(INFORMATION PROVIDED)
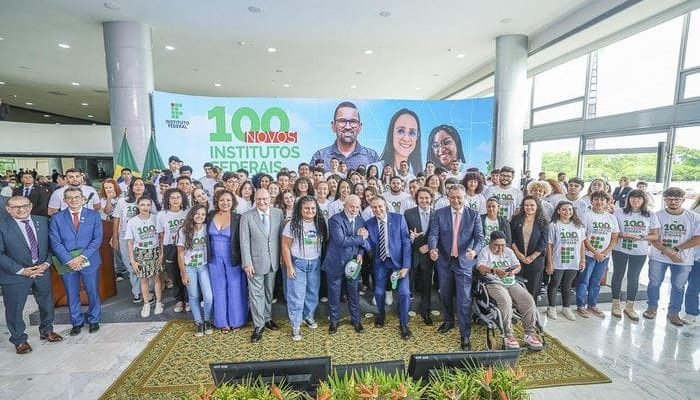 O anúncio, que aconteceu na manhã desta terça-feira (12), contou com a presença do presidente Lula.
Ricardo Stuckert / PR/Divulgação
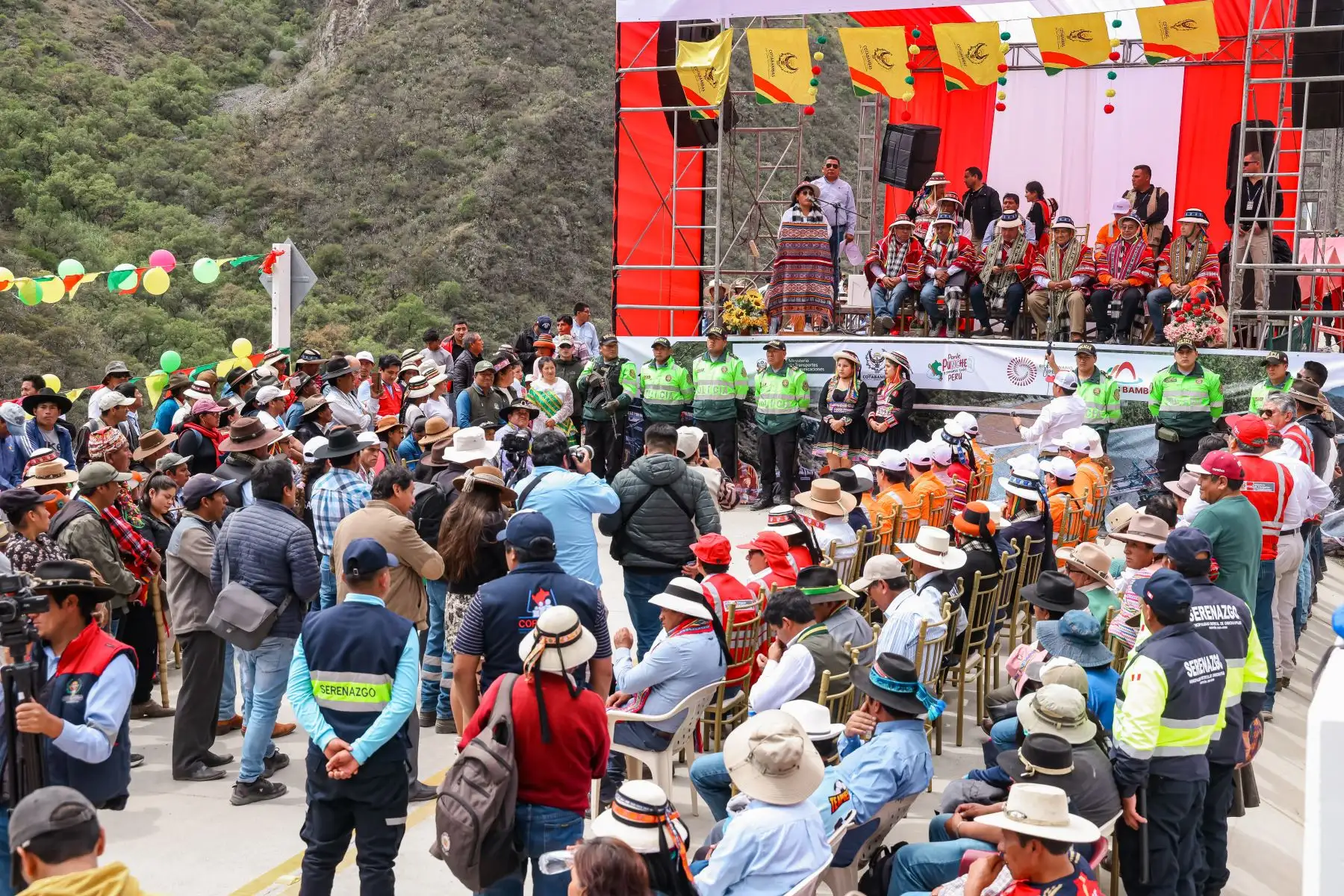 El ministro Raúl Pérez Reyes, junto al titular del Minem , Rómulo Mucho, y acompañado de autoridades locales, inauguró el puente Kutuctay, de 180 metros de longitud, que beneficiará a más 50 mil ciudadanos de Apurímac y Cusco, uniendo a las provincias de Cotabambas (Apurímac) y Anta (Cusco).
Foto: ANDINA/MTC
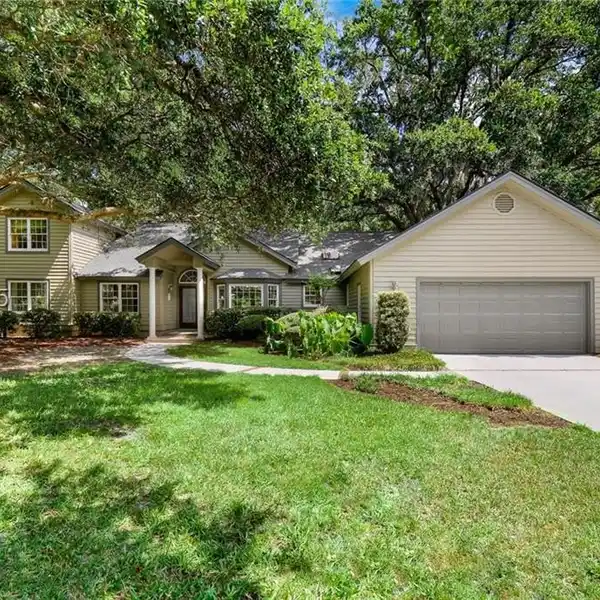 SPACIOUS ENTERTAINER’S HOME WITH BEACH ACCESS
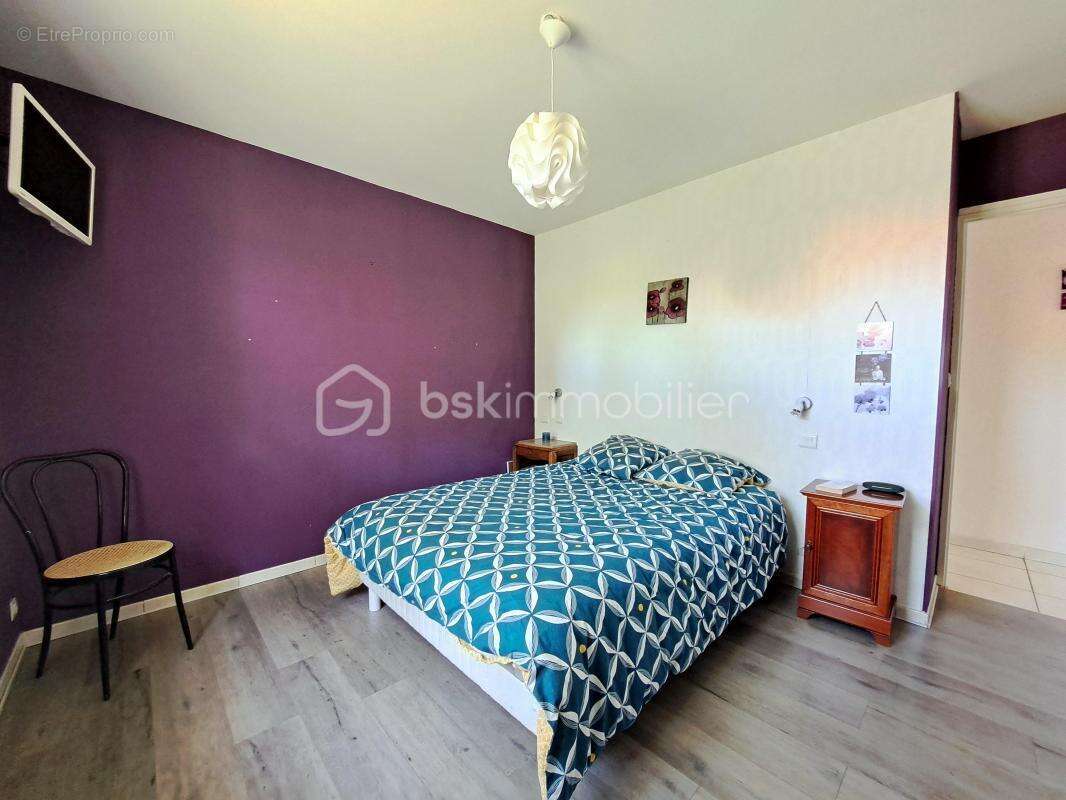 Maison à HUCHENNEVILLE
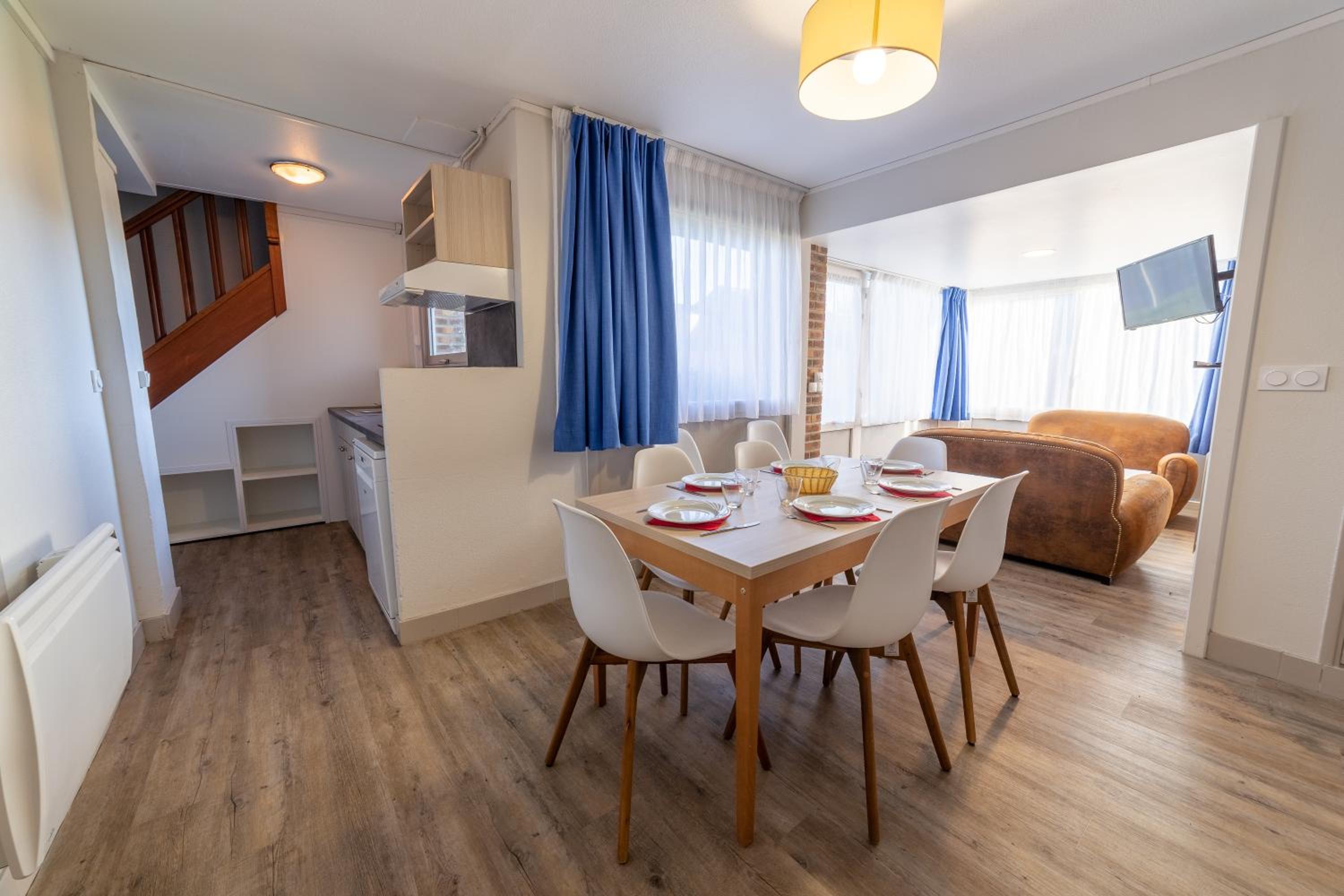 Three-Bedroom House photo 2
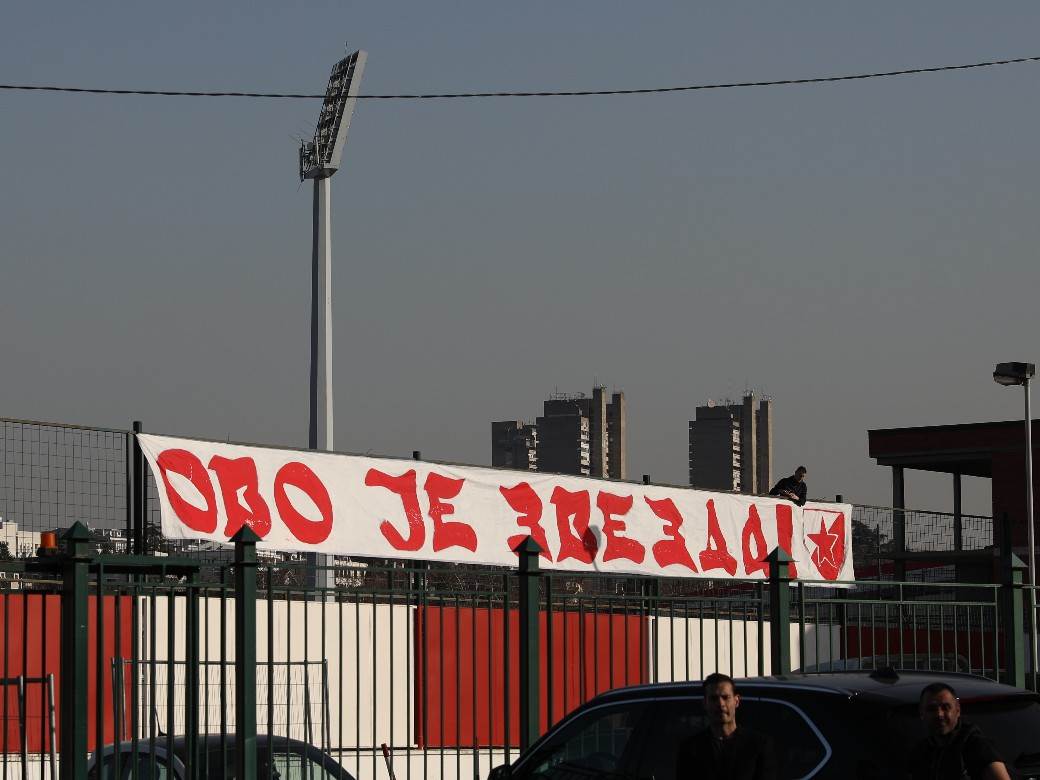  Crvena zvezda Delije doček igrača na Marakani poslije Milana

(WHAT IS BEING ASKED)
The finished answer is an exact repetition of the listing, with every picture removed.

(SOLUTION TO THE EXERCISE)
 O anúncio, que aconteceu na manhã desta terça-feira (12), contou com a presença do presidente Lula.
Ricardo Stuckert / PR/Divulgação
 El ministro Raúl Pérez Reyes, junto al titular del Minem , Rómulo Mucho, y acompañado de autoridades locales, inauguró el puente Kutuctay, de 180 metros de longitud, que beneficiará a más 50 mil ciudadanos de Apurímac y Cusco, uniendo a las provincias de Cotabambas (Apurímac) y Anta (Cusco).
Foto: ANDINA/MTC
 SPACIOUS ENTERTAINER’S HOME WITH BEACH ACCESS
 Maison à HUCHENNEVILLE
 Three-Bedroom House photo 2
  Crvena zvezda Delije doček igrača na Marakani poslije Milana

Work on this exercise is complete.